A day trip exploring art in New York

Take a day, just you and your loved ones and friends, to hop on a train or in a car to see the newest stunning exhibitions outside of New York City. You’d be surprised what you can find within a four-hour drive, outside of NYC’s best art galleries.

Don’t forget to reserve your tickets ahead of time and be ready to adhere to each museum’s safety protocols.

Bon voyage and happy art hunting!

Mass MoCA

Located in North Adams, Massachusetts amid the rolling countryside of Berkshire County, Mass MoCA takes up a rambling complex of former 19th-century factory buildings spread across 13 acres. Nearly 200,000 square feet is given over to exhibition space for contemporary art, but that’s not all: There’s an 850-seat theater, an outdoor concert area that can accommodate upwards of 9,000 people, plus an amphitheater, various rehearsal studios and artists’ workshops.

Storm King Art Center

 

This 500-acre landscape of fields, hills and woodlands is home to one of the finest sculpture parks anywhere, boasting a collection of more than 100 outdoor works by some of the biggest names, including Louise Bourgeois, Mark di Suvero and David Smith.

Wave Hill

 

A 28-acre public garden and cultural center in the Bronx overlooking the Hudson River and Palisades, Wave Hill offers many natural pleasures, including a magnificent stand of pines, a formal garden and a hiking trail running through the woods. But there’s also art, which can be found on the grounds or in Wave Hill’s main space, the Glyndor Gallery.

Grounds for Sculpture

 

Grounds For Sculpture was founded by artist and philanthropist Seward Johnson and opened in 1992 on what used to be the New Jersey State Fairgrounds and was a natural extension of its predecessor, The Johnson Atelier. Across 42 verdant acres, there are about 300 contemporary sculptures and indoors, six galleries hold temporary exhibitions.

Art Omi

 

Art Omi sits on 120 acres in the Hudson Valley and peppered over its landscape are large-scale works and a 1,500-square-foot gallery. The Sculpture & Architecture Park currently offers more than 60 works by artists and architects that are changed each year.

Dia: Beacon

 

The aptly name Dia: Beacon is indeed a signal destination for fans of contemporary art—or anyone else, for that matter. Located just up the river from New York in Dutchess County, Dia: Beacon, serves as the sprawling showcase for the Dia Art Foundation’s unparalleled collection of Minimalist Art.

Olana State Historic Site

This stunning home that used to belong to artist and explorer Frederic Church will stop you in your tracks. Olana, which is the “old Latin name for a place in Persia, to which the artist’s home bears some resemblance in situation,” was where Church lived full time in the 1890s and painted during and after his training with artist Thomas Cole.

Parrish Art Museum

Founded in 1898 by Samuel Longstreth Parrish as a one-room exhibition hall in Southampton Village, this major art museum in the Hamptons is now a massive facility in Water Mill that presents about 15 temporary exhibitions each year, or about 3,000 works, including special exhibitions and group shows.
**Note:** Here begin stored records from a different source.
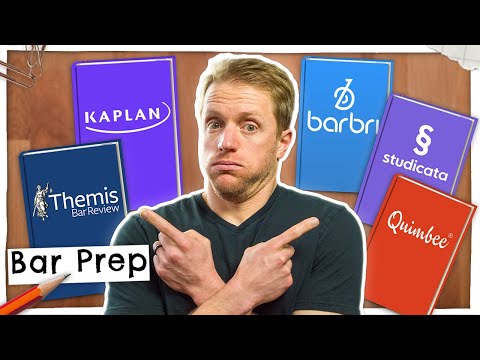 Best Bar Prep Courses 2025 (Reviewed & Rated By Lawyer)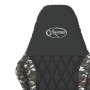Massage-Gaming-Stuhl aus schwarzem und tarnfarbenem Kunstleder von , Gaming-Stühle - Ref: Foro24-345544, Preis: 105,78 €, Rab...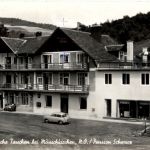 Tauchen bei Mönichkirchen, Gasthof u. Pension Schwarz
Philadelphia Museum of Art

It’s not every institution that can claim an association with Sylvester Stallone and Marcel Duchamp, but Philly’s premier museum is able to do just that. As for Duchamp, the museum owns two of his enigmatic masterpieces “The Large Glass” and “Étant donnés,” which you could say respectively represent the Mona Lisa and Sistine Ceiling of 20th-century Conceptual Art.

The Dan Flavin Art Institute

Located in an old firehouse that also once housed a Baptist church, The Dan Flavin Art Institute is one of several artist-project sites maintained by the Dia Art Foundation across the country.

The Aldrich Contemporary Art Museum

 

The fall, leaf-peeping season is the time most people think of going to Ridgefield, CT, but summer is just as lovely, and it’s worth the trip just to visit this museum devoted to contemporary art—one the first of its kind in the country. It was founded in 1964 by fashion designer Larry Aldrich (1906–2001), who sold his collection of Picasso, Miró, Chagall, Paul Klee among others to pay for the property: A former church and general store dating from the 18th century.